The idea of integrating systems is nothing new. IT departments have constantly struggled to link enterprise applications together in a way that enables decision-makers to have the data they need at their fingertips. Ideally, this information should all be pulled into a single dashboard. But as enterprise IT is constantly evolving, each new application provides a new data source. There is often a lag from the time an application was deployed and when IT could fully integrate it into an enterprise dashboard.
Today’s IT is exponentially more complex. There are the internal applications, which have remained a constant integration headache for CIOs. Then there are the cloud-based deployments and software as a service (SaaS), which means enterprise data now resides in two totally separate spheres. Add in connectivity to business partners and third-party sources, and it soon becomes clear that IT is facing an uphill struggle in dealing with numerous silos of enterprise data in a hybrid world.
Then there is the added complexity that arises with multicloud and hybrid cloud deployments. In fact, nearly half of the 1,700 UK IT decision-makers surveyed by Vanson Bourne in a study for Nutanix identified integrating data across different environments (49%) as their top challenge in multicloud deployment.
These disparate data sources need to be pulled into decision support systems. But moving beyond traditional business intelligence, data integration also has an essential role in advanced analytics, artificial intelligence (AI) and machine learning (ML).
“There is also the non-trivial matter of data governance in a hybrid world,” says Freeform Dynamics distinguished analyst Tony Lock, “especially one where cloud providers offer advanced machine learning and analysis tools that can operate on huge volumes of data coming from multiple sources. Any analysis that includes information from diverse data sources means you must have effective data governance in place.”

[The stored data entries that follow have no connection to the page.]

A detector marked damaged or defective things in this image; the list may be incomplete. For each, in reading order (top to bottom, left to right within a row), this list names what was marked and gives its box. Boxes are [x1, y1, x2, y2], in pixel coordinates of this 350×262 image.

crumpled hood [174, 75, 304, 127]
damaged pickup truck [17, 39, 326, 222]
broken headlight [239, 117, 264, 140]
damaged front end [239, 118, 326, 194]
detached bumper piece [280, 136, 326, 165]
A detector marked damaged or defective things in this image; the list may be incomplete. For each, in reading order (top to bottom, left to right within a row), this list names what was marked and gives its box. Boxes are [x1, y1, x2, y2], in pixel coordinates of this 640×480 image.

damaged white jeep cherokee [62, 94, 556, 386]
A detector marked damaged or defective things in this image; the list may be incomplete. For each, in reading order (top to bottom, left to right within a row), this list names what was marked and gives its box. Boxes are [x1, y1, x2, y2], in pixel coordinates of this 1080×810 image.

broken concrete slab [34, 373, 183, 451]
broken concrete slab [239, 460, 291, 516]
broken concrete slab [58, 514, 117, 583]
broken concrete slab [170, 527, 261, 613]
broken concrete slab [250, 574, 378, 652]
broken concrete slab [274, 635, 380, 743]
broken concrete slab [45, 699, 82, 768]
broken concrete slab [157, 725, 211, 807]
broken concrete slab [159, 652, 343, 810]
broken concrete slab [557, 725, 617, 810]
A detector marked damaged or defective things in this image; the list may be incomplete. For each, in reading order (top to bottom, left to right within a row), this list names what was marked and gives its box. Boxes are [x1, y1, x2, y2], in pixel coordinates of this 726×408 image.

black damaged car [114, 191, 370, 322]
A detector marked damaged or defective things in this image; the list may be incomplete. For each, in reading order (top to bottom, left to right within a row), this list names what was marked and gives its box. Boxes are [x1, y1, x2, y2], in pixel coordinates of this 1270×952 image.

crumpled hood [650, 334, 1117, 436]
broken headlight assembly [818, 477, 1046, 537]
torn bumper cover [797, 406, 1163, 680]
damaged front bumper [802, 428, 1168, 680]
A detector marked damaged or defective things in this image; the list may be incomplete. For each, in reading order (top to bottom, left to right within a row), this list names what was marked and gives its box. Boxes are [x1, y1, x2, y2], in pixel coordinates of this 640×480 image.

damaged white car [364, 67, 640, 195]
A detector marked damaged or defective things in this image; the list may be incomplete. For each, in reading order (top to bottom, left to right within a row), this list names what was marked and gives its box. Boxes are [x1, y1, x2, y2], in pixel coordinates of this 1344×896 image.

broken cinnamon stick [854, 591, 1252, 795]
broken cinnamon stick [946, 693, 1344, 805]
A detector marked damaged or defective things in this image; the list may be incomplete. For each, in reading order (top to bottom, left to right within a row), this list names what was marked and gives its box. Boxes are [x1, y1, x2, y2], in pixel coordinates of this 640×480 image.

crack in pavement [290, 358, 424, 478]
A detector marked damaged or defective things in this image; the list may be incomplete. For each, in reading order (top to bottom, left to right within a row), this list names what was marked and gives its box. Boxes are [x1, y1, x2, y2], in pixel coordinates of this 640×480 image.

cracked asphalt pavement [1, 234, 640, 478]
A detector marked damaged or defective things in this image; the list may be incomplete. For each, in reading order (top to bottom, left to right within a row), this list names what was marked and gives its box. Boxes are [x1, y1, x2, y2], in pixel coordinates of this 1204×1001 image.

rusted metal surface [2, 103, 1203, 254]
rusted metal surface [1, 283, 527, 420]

Humans require a lot of information to make sense of the world, so current more primitive computer algorithms need far more data, says computer expert Junade Ali. While artificial intelligence (AI) and machine learning (ML) algorithms are getting ever better at doing more with less, we still often need to bring together data from multiple sources for them to produce results that make sense. Humans require a lot of information to make sense of the world, so our current more primitive computer algorithms surely need far more. A challenge in ML is the ability of algorithms to understand causality. So far, much of what is done by AI algorithms is finding correlations between data points, as opposed to understanding causal relationships. Improving causal reasoning in AI offers the opportunity for us to do more with less when it comes to data. Microsoft Research is one team that has a group currently working on improving “causality in machine learning”, but there is still more work to be done. Until such a time when we overcome these challenges in AI, data integration will remain an important part of ensuring we can give our constrained ML algorithms the data they need to provide meaningful outputs. It isn’t just about the volume of data, but also the dimensionality, ML algorithms need a full understanding of all data attributes to have a better chance of finding the right conclusions. For this reason, before embarking on your AI revolution, you must ensure your ducks are in order when it comes to your data. Junade Ali is an experienced technologist with an interest in software engineering management, computer security research and distributed systems.
In addition to a lack of sufficient data governance, poorly integrated data leads to poor customer service. “In the digital economy, the customer expects you to know and have ready insight into every transaction and interaction they have had with the organisation,” says Tibco CIO Rani Johnson.